Goon went with Hamilton as his top pick.

“There’s no Ravens defender for whom it is easier to list game-breaking plays off the top of your head,” argued Good. “Three sacks against the Indianapolis Colts. His pick-six against the Cleveland Browns. The play against the San Francisco 49ers when he rushed the passer, was literally pinned to the ground by an offensive lineman, then scrambled to get back in coverage to intercept a tipped pass.”

The Ringer’s Nora Princiotti wrote an interesting article about Lamar Jackson’s terrific season, and how other teams had the opportunity to try to pry him away from the Ravens this past offseason, but didn’t.

“He’s the quarterback of a 13-win team that has the no. 1 seed in the AFC locked up before Week 18,” wrote Princiotti. “His last outing was a five-touchdown performance against the Dolphins, another playoff team. The week before that, Jackson and the Ravens handily beat the 49ers, the no. 1 seed in the NFC, and the difference between Jackson’s play and that of Brock Purdy, another MVP contender, was, um, stark. He’s had a career-best season in completion percentage, interception rate, and yards per pass attempt, and he leads the league in rushing yards per attempt.
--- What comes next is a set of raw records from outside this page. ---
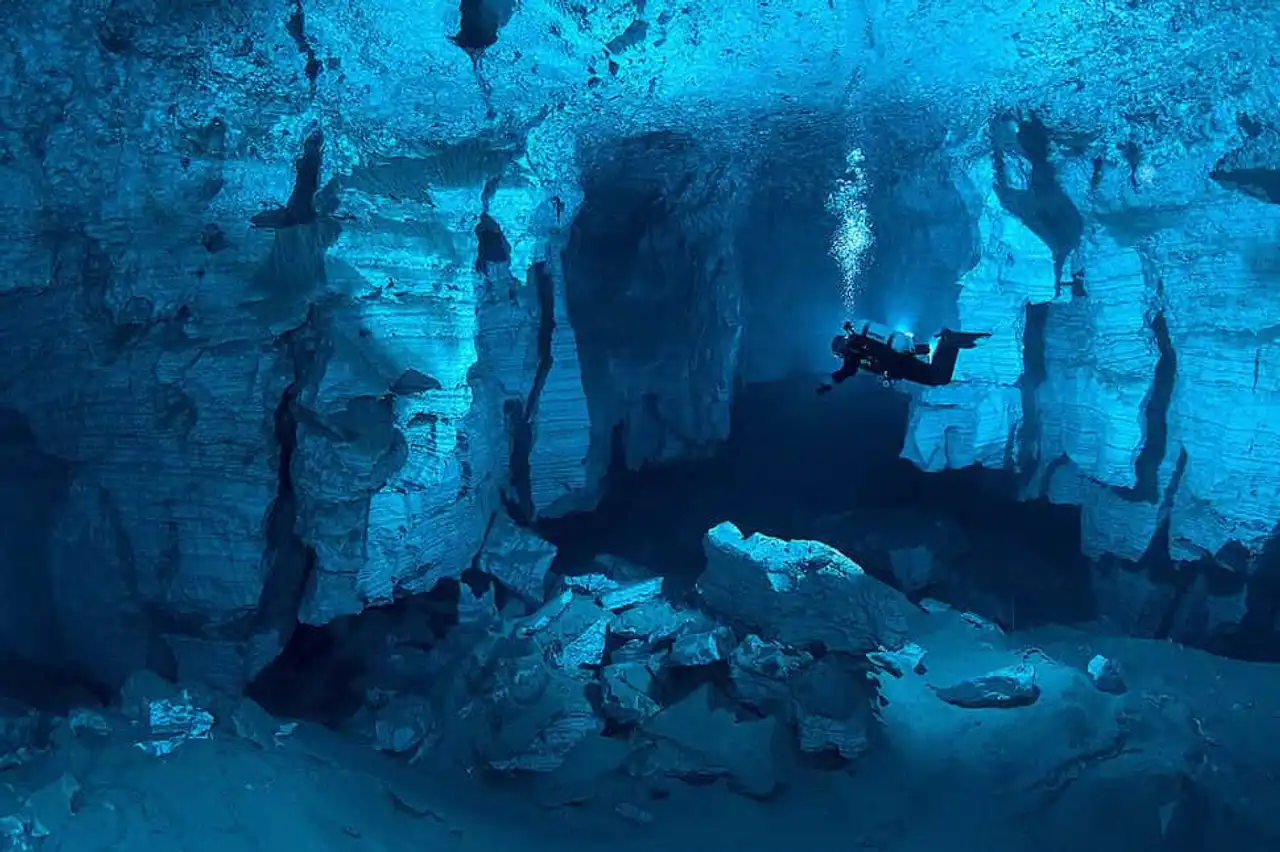 Beautiful caves in the world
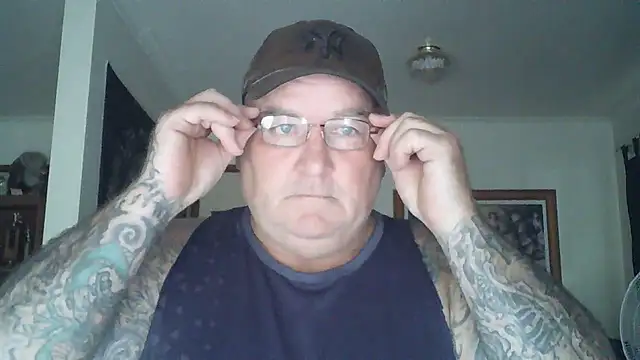 Snapshot of HOTANAL chatting on 02.27.25 HOTANAL online show from 02.27.25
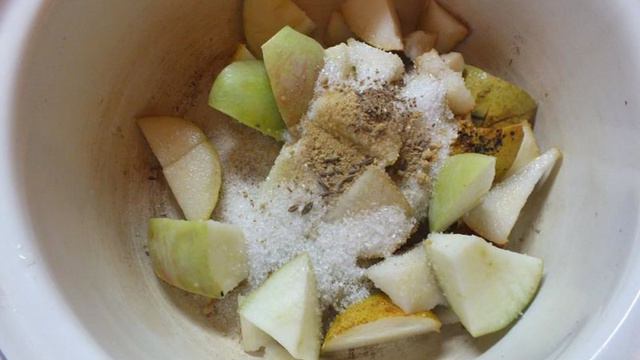 Имбирно-анисовый компот из груш и яблок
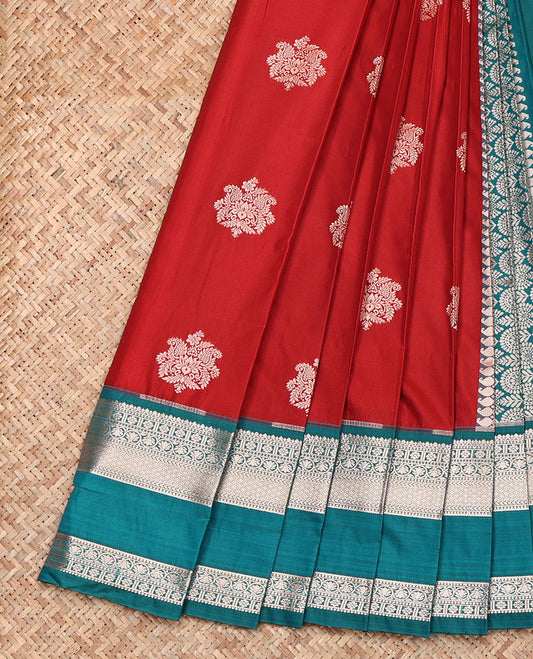 Red Budget Silk Saree, Adorned with Zari Buttas, Complemented by a Contrast Traditional Zari Rettai Pettu Border, Pallu of Intricate Design, and a Contrast Blouse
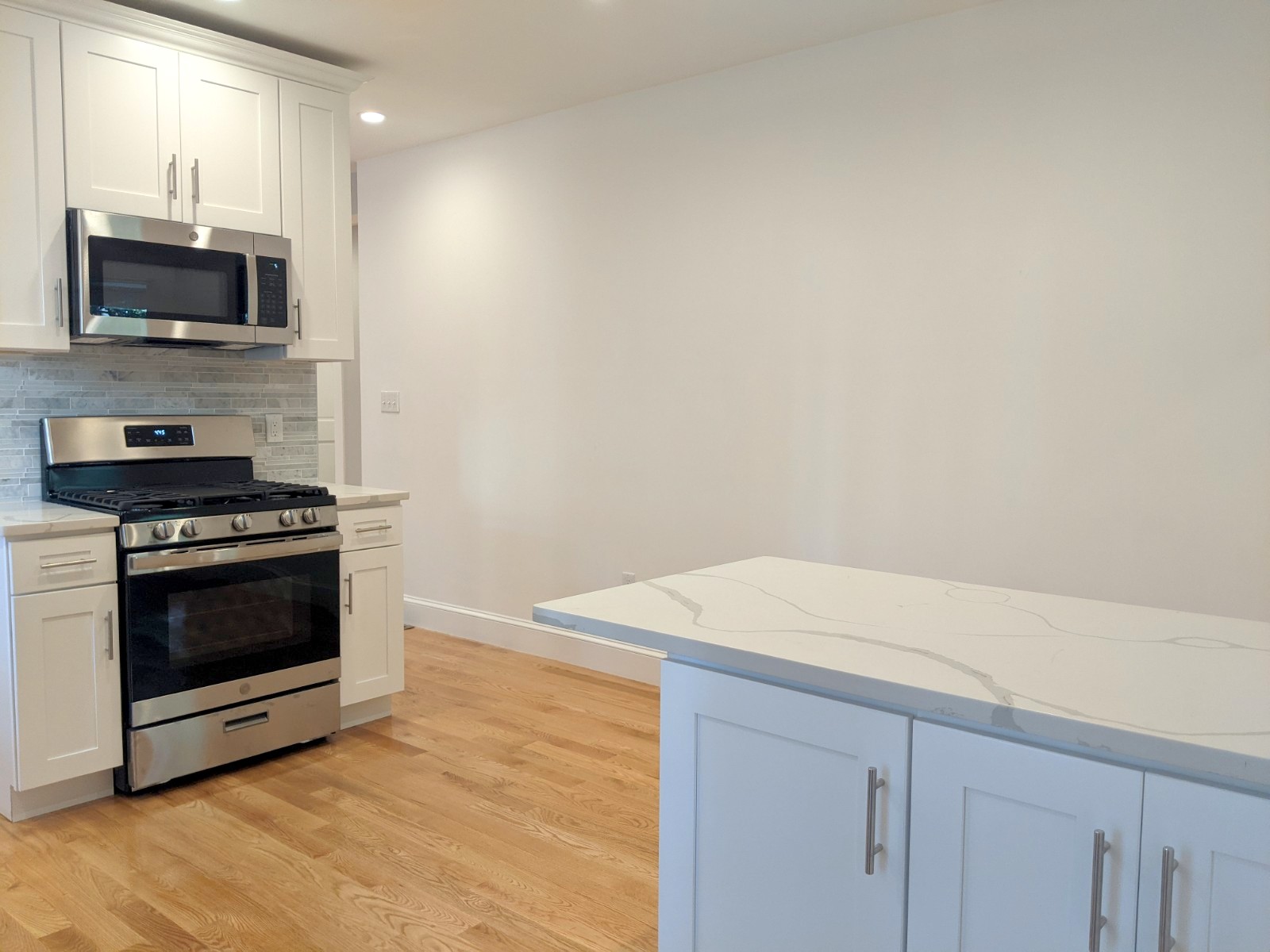 502 Main St, Medford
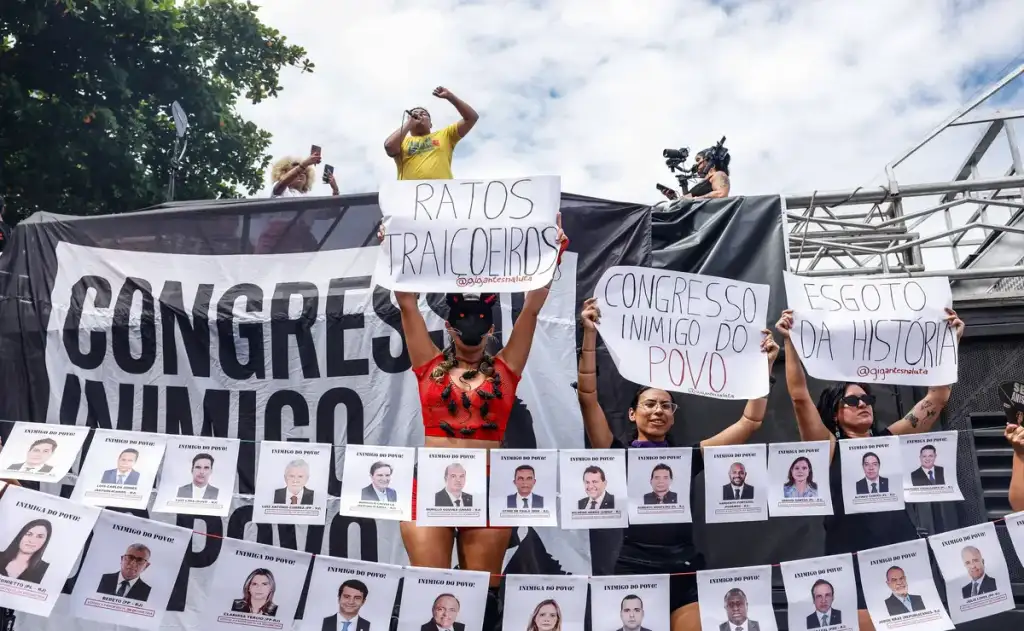 PT, PSB, PCdoB e PSOL pedem nulidade dos atos praticados na Comissão de Constituição e Justiça do Senado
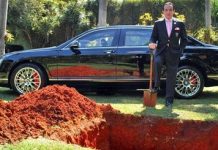 Thay vì đốt vàng mã, tỷ phú Brazil chôn xe nửa triệu đô… để dùng ở kiếp sau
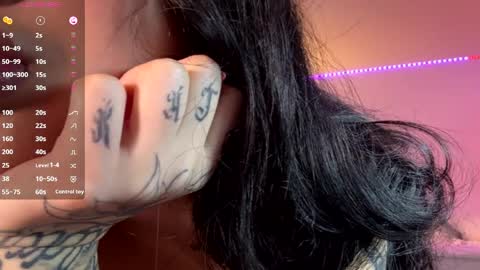 Viola online show from May 2, 10:15 pm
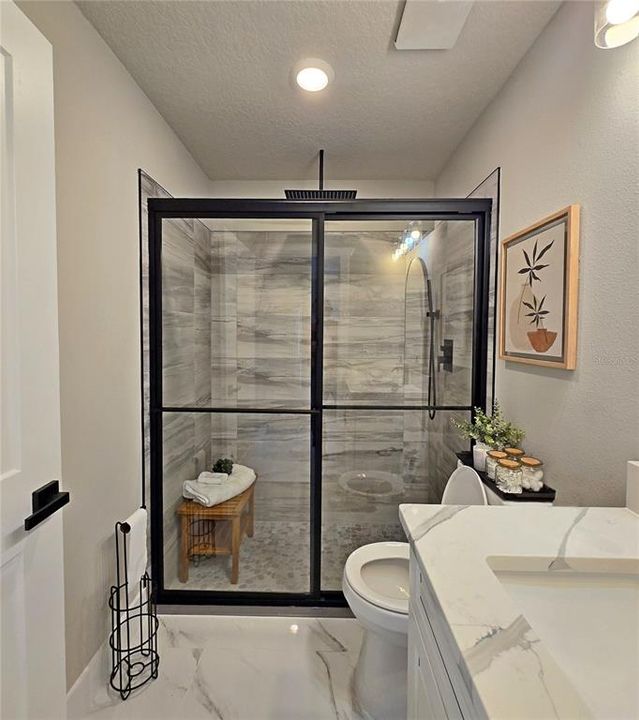 На продажу: $349,900 (3 спален, 2 ванн, 1750 Квадратных фут)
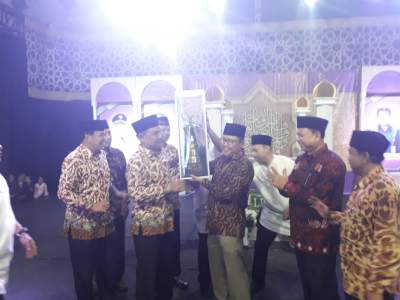 Mad Romli Tutup MTQ ke - 49 Tingkat Kabupaten Tangerang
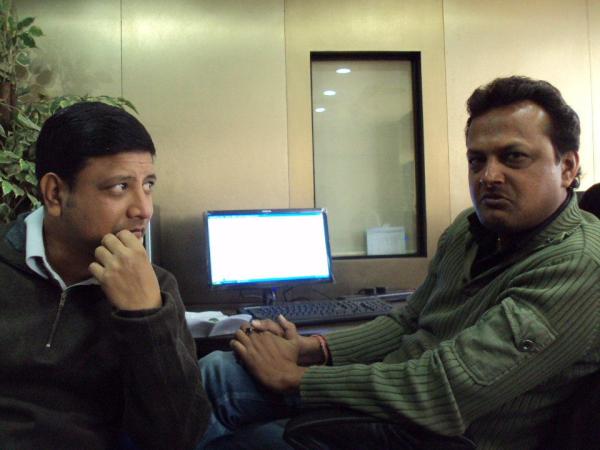 nanajii's tweet photo. i &amp; Avnish Playing Off/Off. http://t.co/LdvLH6lb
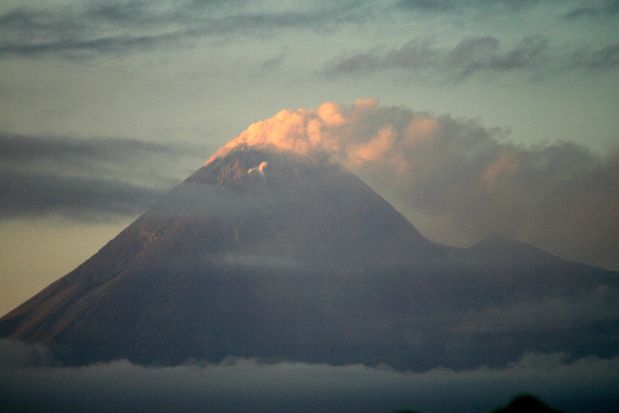 Lanterne face au volcan Merapi. Java.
He is the MVP, which has got to feel pretty good, particularly given that just 10 months ago Jackson was embroiled in a contract dispute with the Ravens that grew contentious enough that he asked to be traded, a request that Baltimore answered by giving him the non-exclusive franchise tag and the rest of the league answered with a total brush-off.”

She continued to write that maybe something else was afoot here.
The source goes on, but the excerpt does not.